Auckland and several other North Island cities have been selected for a European-style bicycle-hire scheme to be operated with cellphones and credit cards from this summer.
Fleets of bikes will be left unattended at stands around each city for backpackers, students or commuters to hire by using cellphones to obtain combination numbers to unlock them.
Once a bike is returned to its stand, the user will call a freephone number to end the hire, and have the cost of the ride charged to a credit card.
A similar scheme has been running in Germany and Austria for about two years, and is being adapted under licence in this country by Auckland business trainer and cycling enthusiast Julian Hulls, and his company Goodgear Bikes.
And in Paris, a less commercial scheme, which began in July with more than 10,000 bikes at 750 locations, is due to almost double by the end of this year.
Mr Hulls says his bikes will be simple, sturdy and difficult to cannibalise for illegal use as they will have internal gears and components largely incompatible with shop-sold brands.
He says display advertising on the bikes will keep down rental fees, which will be $3 for each of the first four hours, $15 for 24 hours, or $8 for an overnight deal aimed at encouraging commuters to try cycling as an alternative to motorised transport or gym membership.
The bikes will be designed for comfort and safety rather than speed, allowing riders an upright view of the sights of each city rather than requiring them to hunch over handlebars.
"It won't be a bike for doing the Tour de France or to get out in the Woodhill Forest, but maybe you would use it if you were a student cycling out to Mission Bay with bread and cheese for a picnic," Mr Hulls said.
Auckland City Council's transport committee has agreed to let Goodgear use some of the city's existing cycle stands, and Mr Hulls says he has received approval in principle to start operations in Whangarei, Hamilton, Rotorua and Tauranga.
The Auckland council turned down an earlier request for financial support but is offering the company five initial sites around the waterfront, Queen St and in Newmarket for a peppercorn rental for the first year of the scheme.

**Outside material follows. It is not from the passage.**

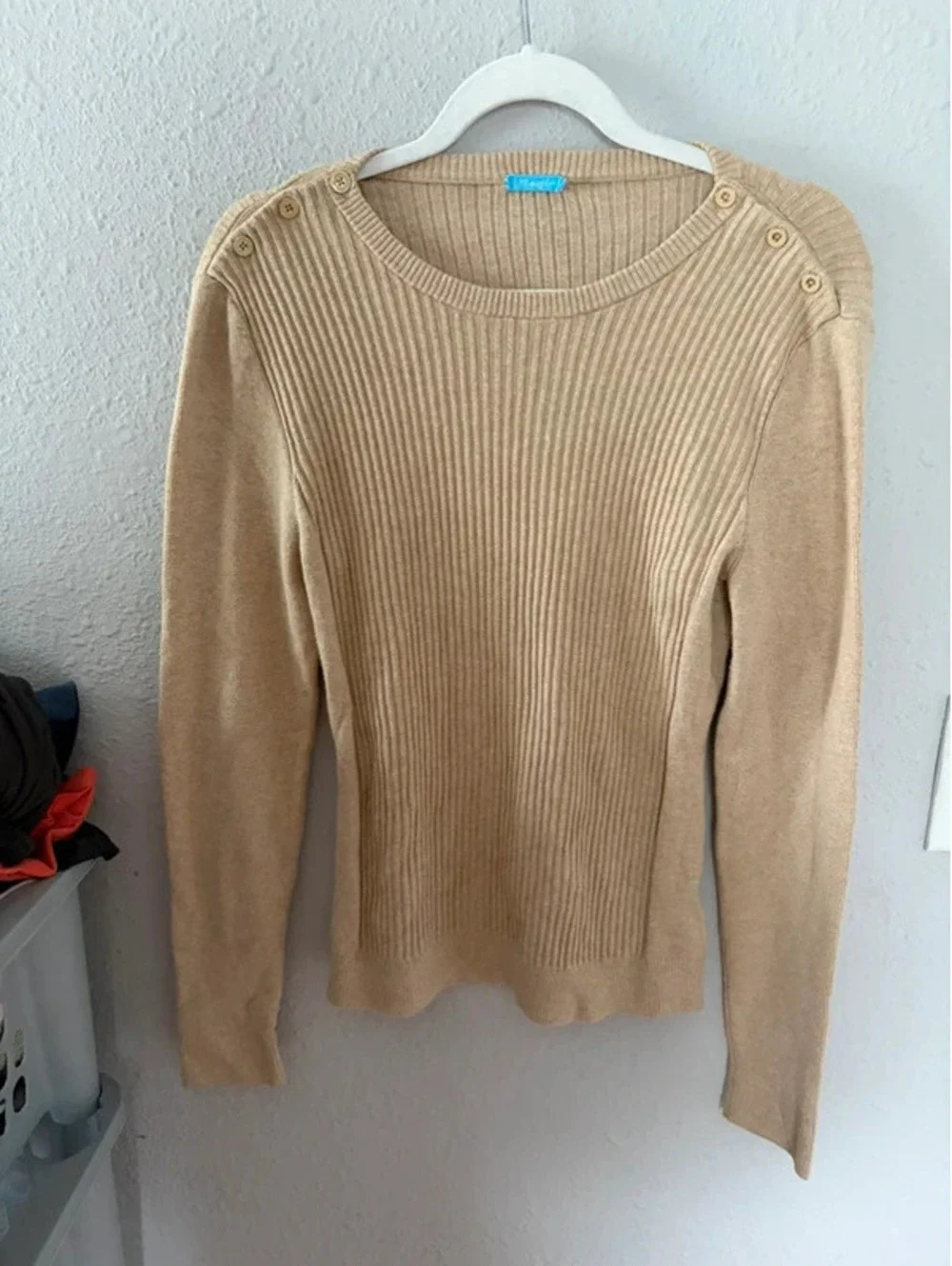 J. McLaughlin beige sweater size L fitted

It is also considering allowing access to stands in parking buildings and will in return receive patronage monitoring information for planners to gauge any demand for more cycling facilities.
Senior transport planner Daniel Newcombe said the proposal supported a council objective of encouraging more people to cycle, at little risk to the city, and the greater the demand for parking stands, the better.
"There will be good potential information from the venture to assist the council in other cycle planning projects," he said.
Mr Hulls told the committee 200 bikes were being manufactured for him in China to the same specifications as those used by the European operation, for delivery in November.
About 80 would stay in Auckland and the rest would be shared around the other cities, which would receive more bikes if the scheme took off and spread to other parts of the country.
Mr Newcombe said the concept would have small beginnings, but it had the potential to be very effective.
He noted the launch of the Velib "bicycle transit scheme" in Paris in July in which more than 10,000 bikes are available for residents and visitors to pick up and drop off at any of 750 locations.
Councillor Penny Sefuiva suggested that visitors to Auckland be warned when hiring the bikes "that our cycling environment is a bit hostile".
"We are not particularly cycle-friendly - it would be very bad publicity if people from overseas were knocked off a bike."
Mr Newcombe told her council staff would consider providing road safety information around bike stands.